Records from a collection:
· · · · ·

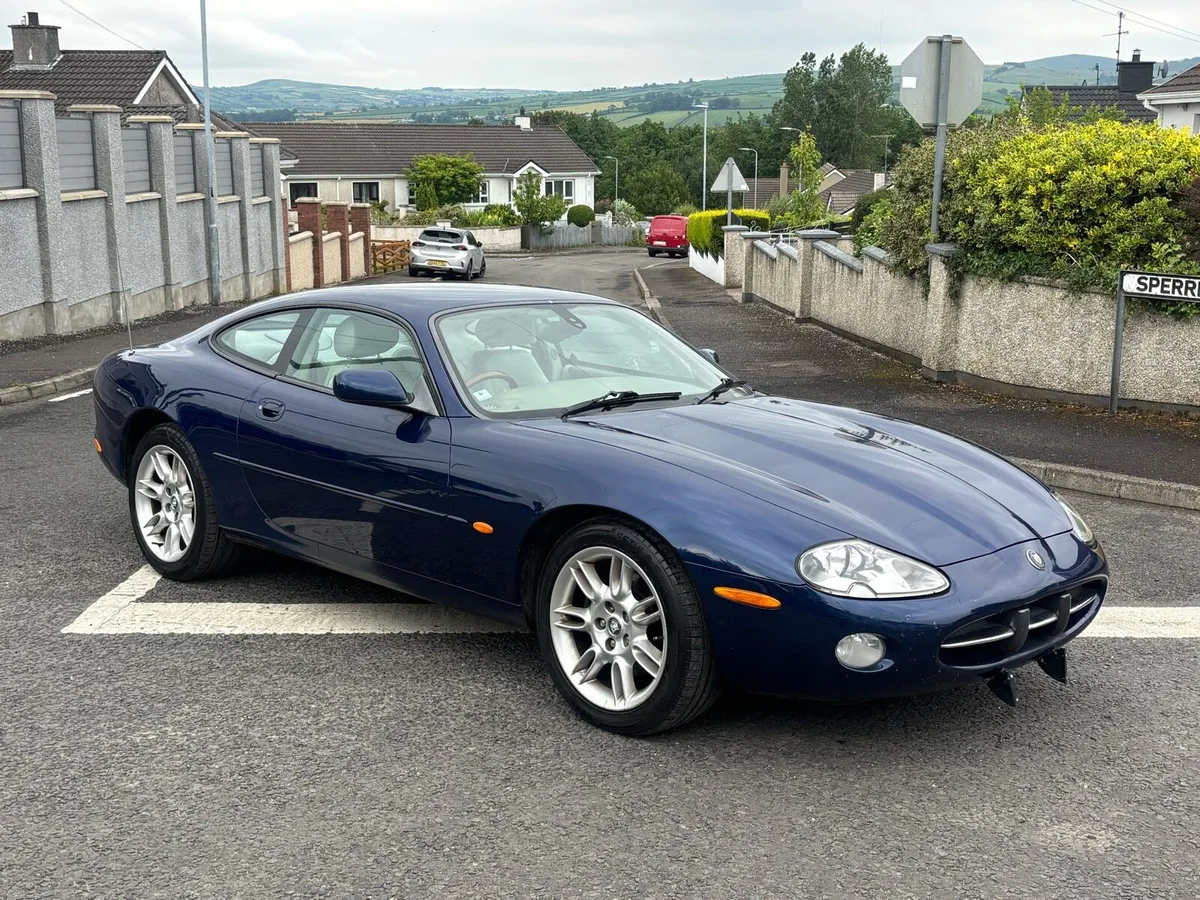 2002 Jaguar XK8 Auto Coupe - Image 2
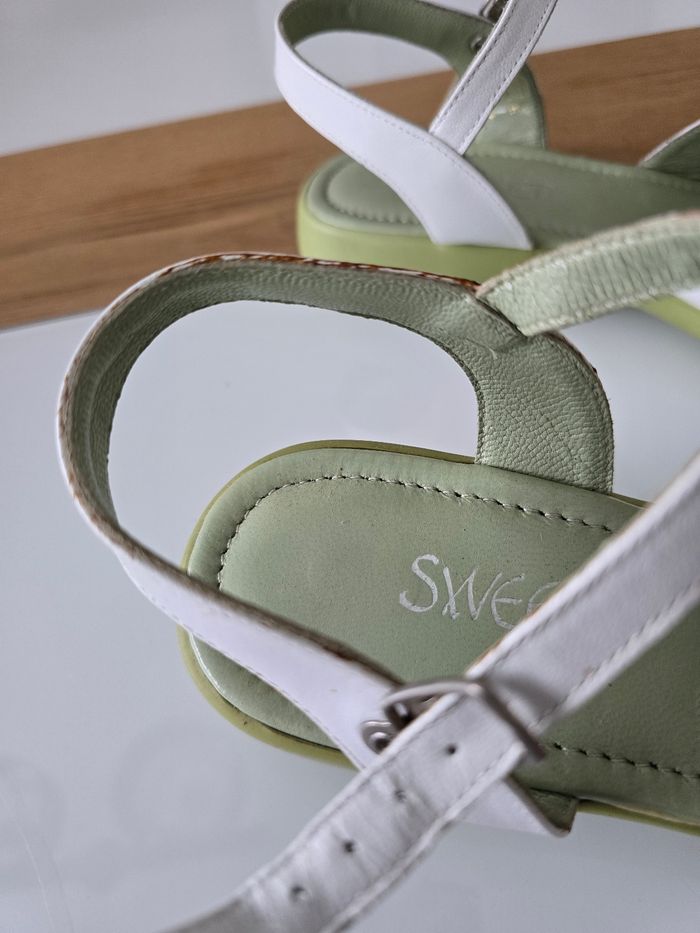 Sandales cuir Sweet pointure 40 neuves - photo numéro 4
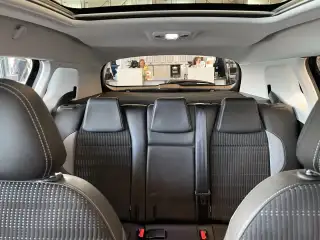 Vehicle image thumbnail, number 12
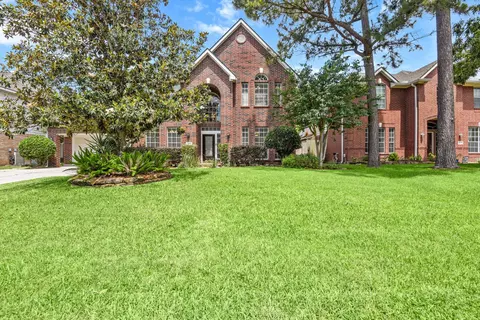 5111 Maple Hill Trl, Kingwood, TX 77345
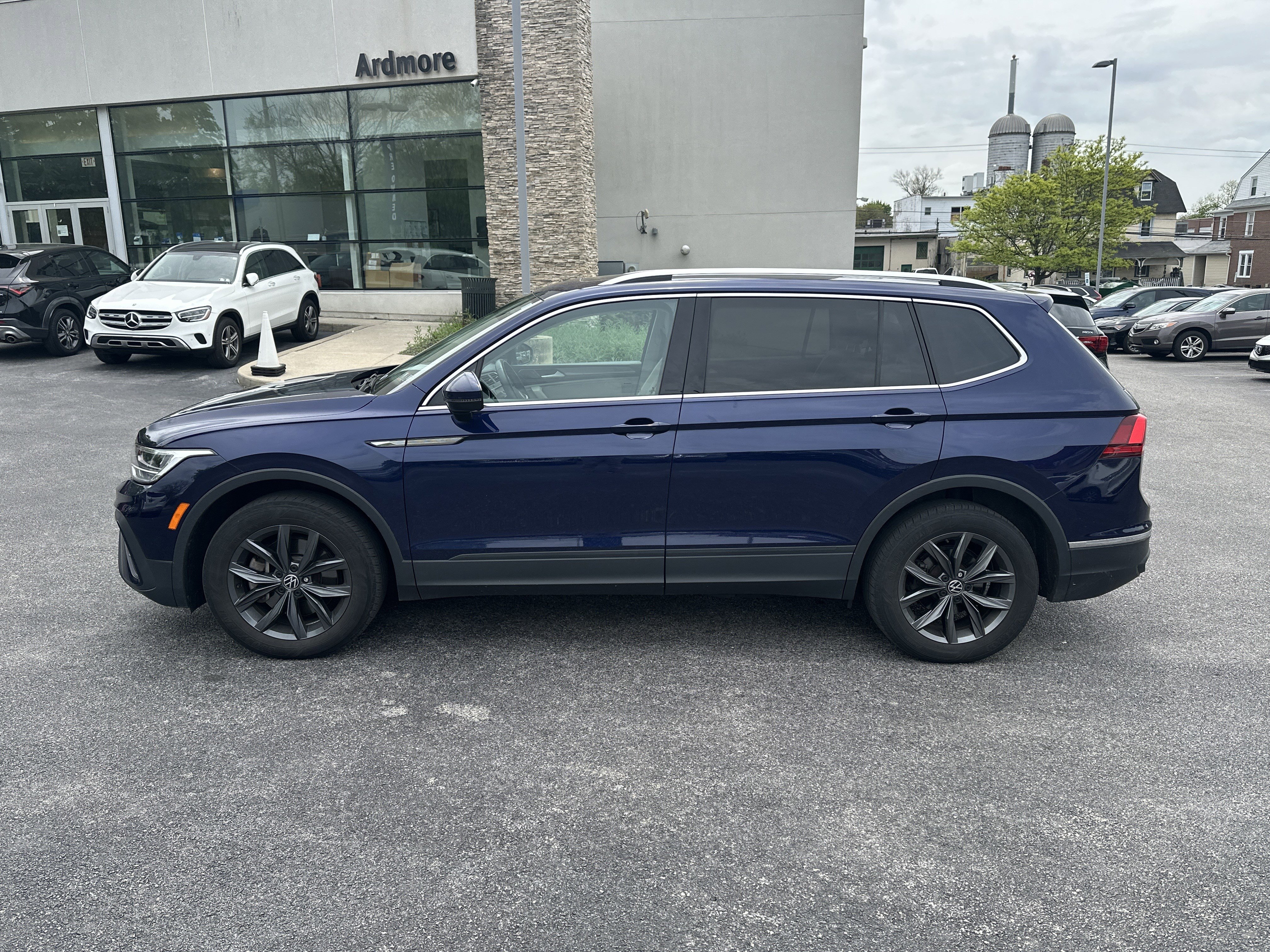 Used 2022 Volkswagen Tiguan SE FWD image 4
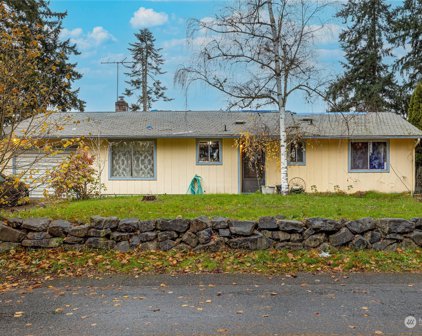 15906 69th Avenue Ct E, Puyallup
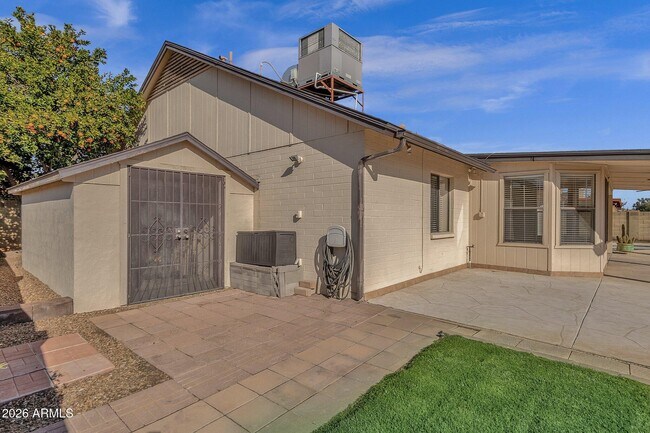 Building Photo - 4307 E Karen Dr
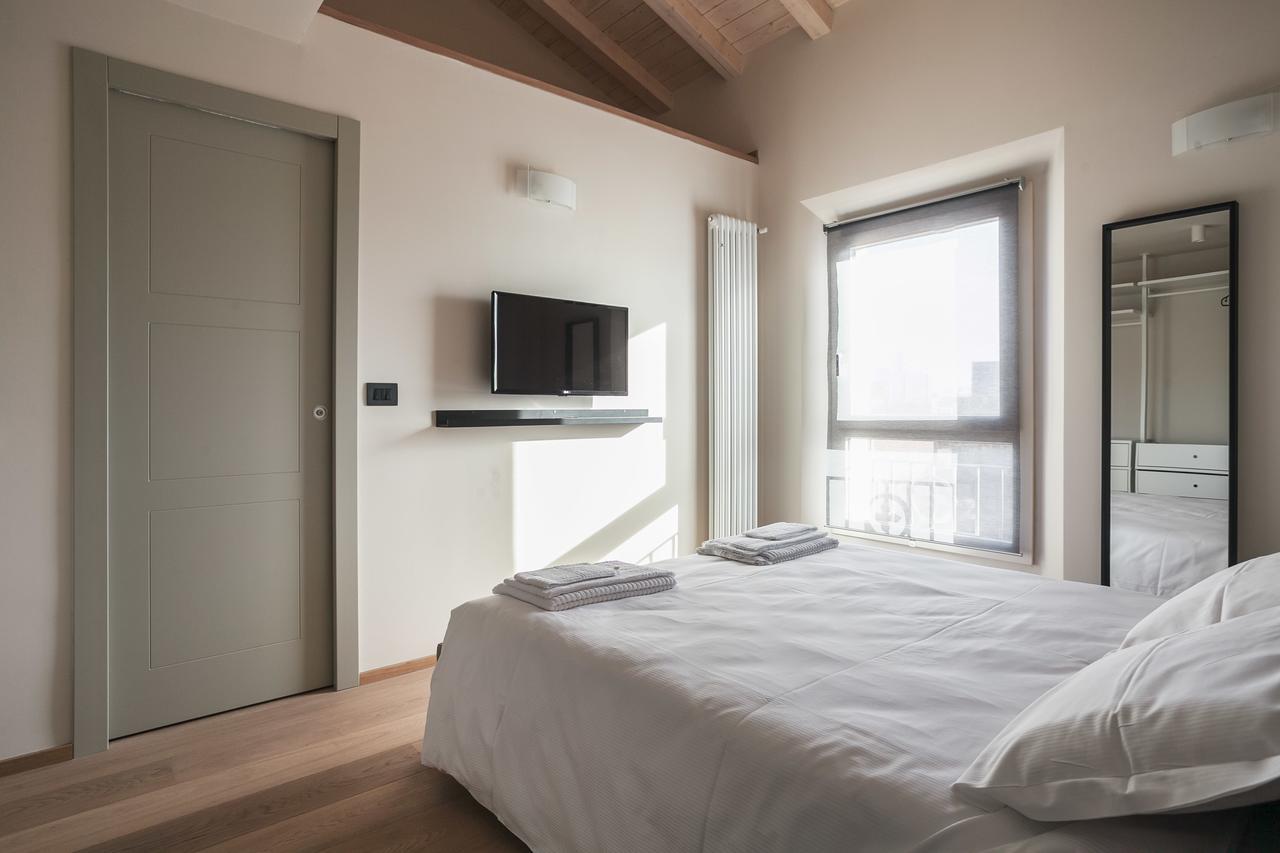 Sant'Orsola Suites Apartments Болонья Екстер'єр фото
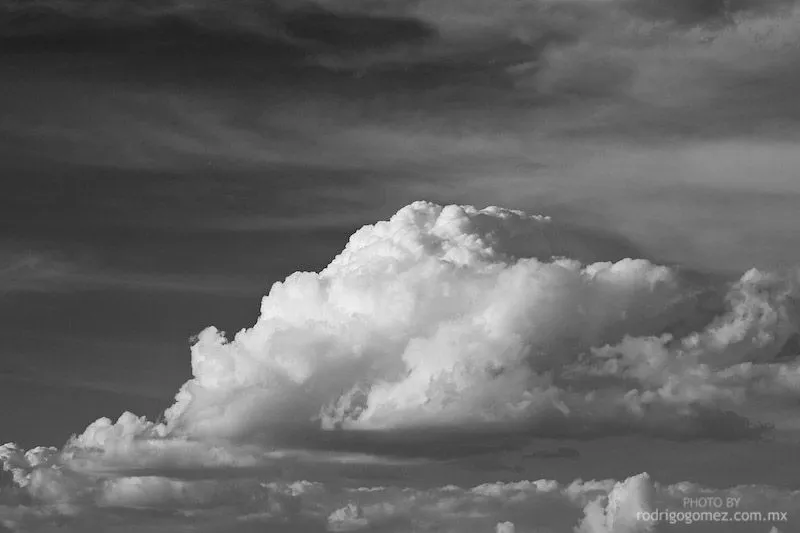 Nubes y Cielo – Blanco y Negro II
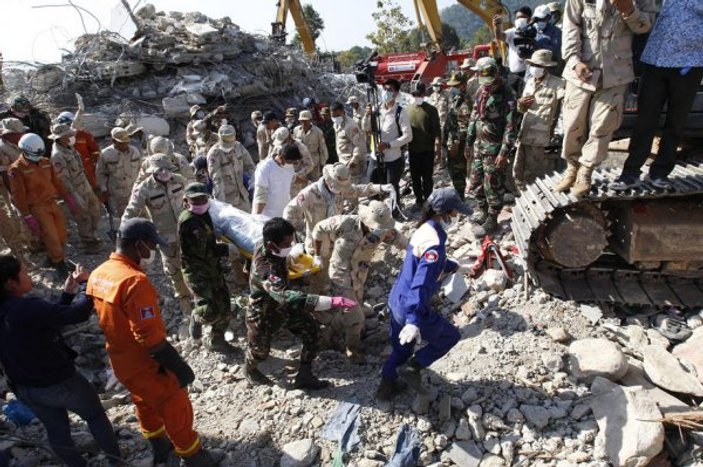 Kamboçya'da inşaat çöktü: 36 ölü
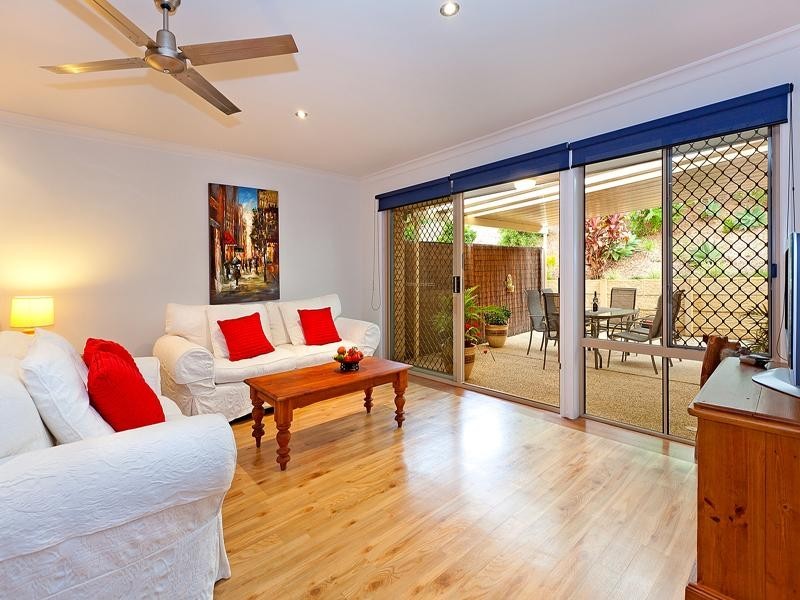 24/1 Archipelago St, Pacific Pines QLD 4211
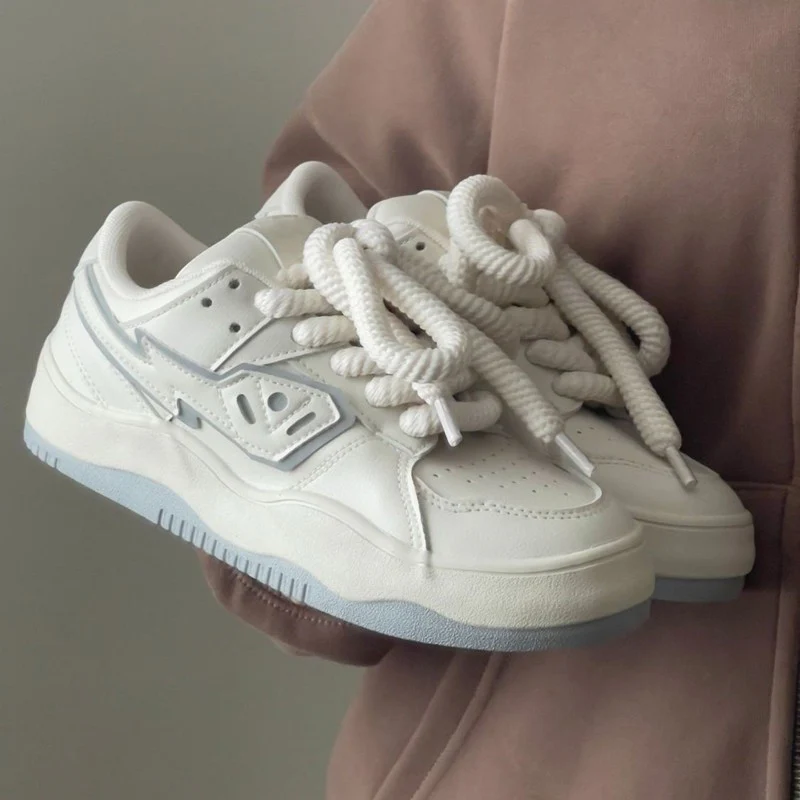 Damen Sportliche Sneakers mit rutschfester Sohle für urbanen Lifestyle Heidi Mode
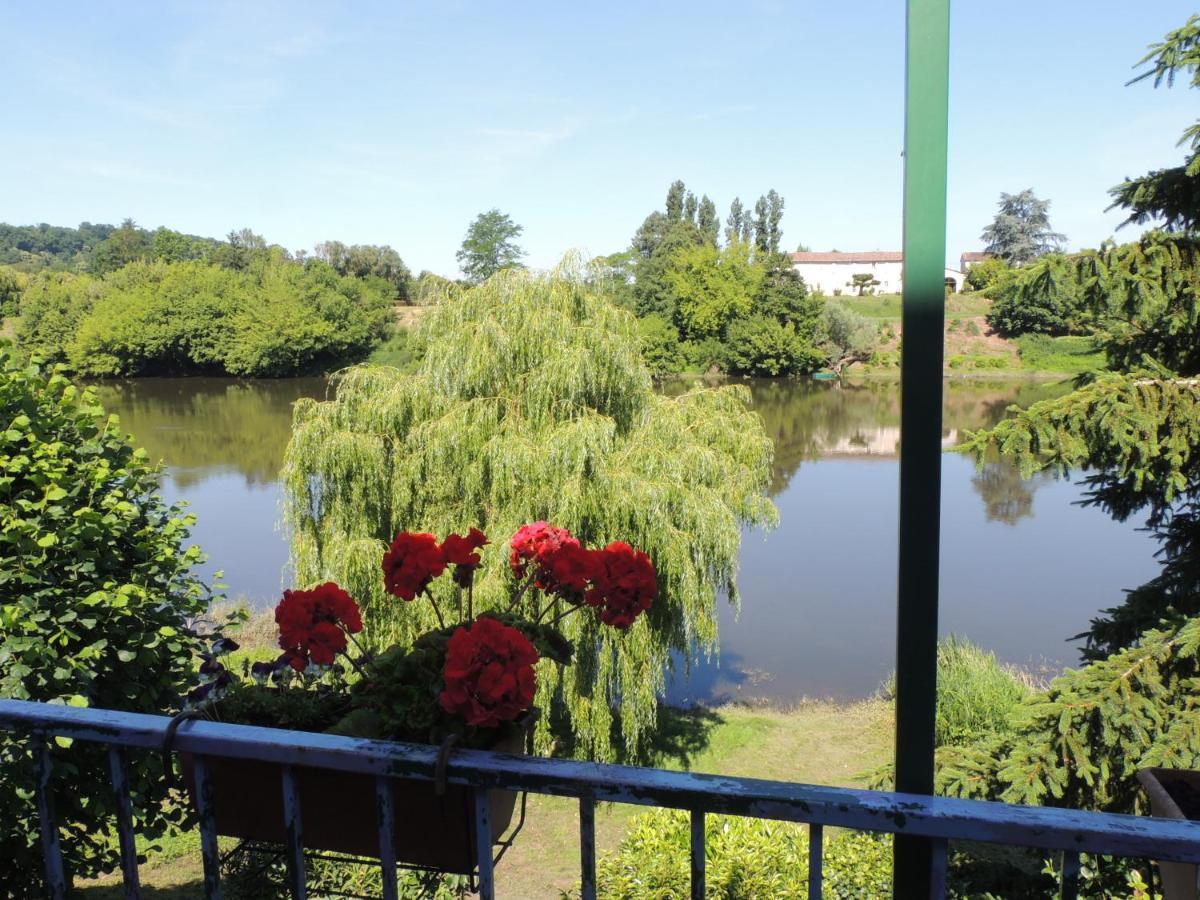 Le Jardin Des Cygnes Bed & Breakfast Pineuilh Eksteriør bilde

· · · · ·

EXERCISE OBJECTIVE:
Without any of the pictures, repeat the entries above word for word.

TASK SOLUTION:
 2002 Jaguar XK8 Auto Coupe - Image 2
 Sandales cuir Sweet pointure 40 neuves - photo numéro 4
 Vehicle image thumbnail, number 12
 5111 Maple Hill Trl, Kingwood, TX 77345
 Used 2022 Volkswagen Tiguan SE FWD image 4
 15906 69th Avenue Ct E, Puyallup
 Building Photo - 4307 E Karen Dr
 Sant'Orsola Suites Apartments Болонья Екстер'єр фото
 Nubes y Cielo – Blanco y Negro II
 Kamboçya'da inşaat çöktü: 36 ölü
 24/1 Archipelago St, Pacific Pines QLD 4211
 Damen Sportliche Sneakers mit rutschfester Sohle für urbanen Lifestyle Heidi Mode
 Le Jardin Des Cygnes Bed & Breakfast Pineuilh Eksteriør bilde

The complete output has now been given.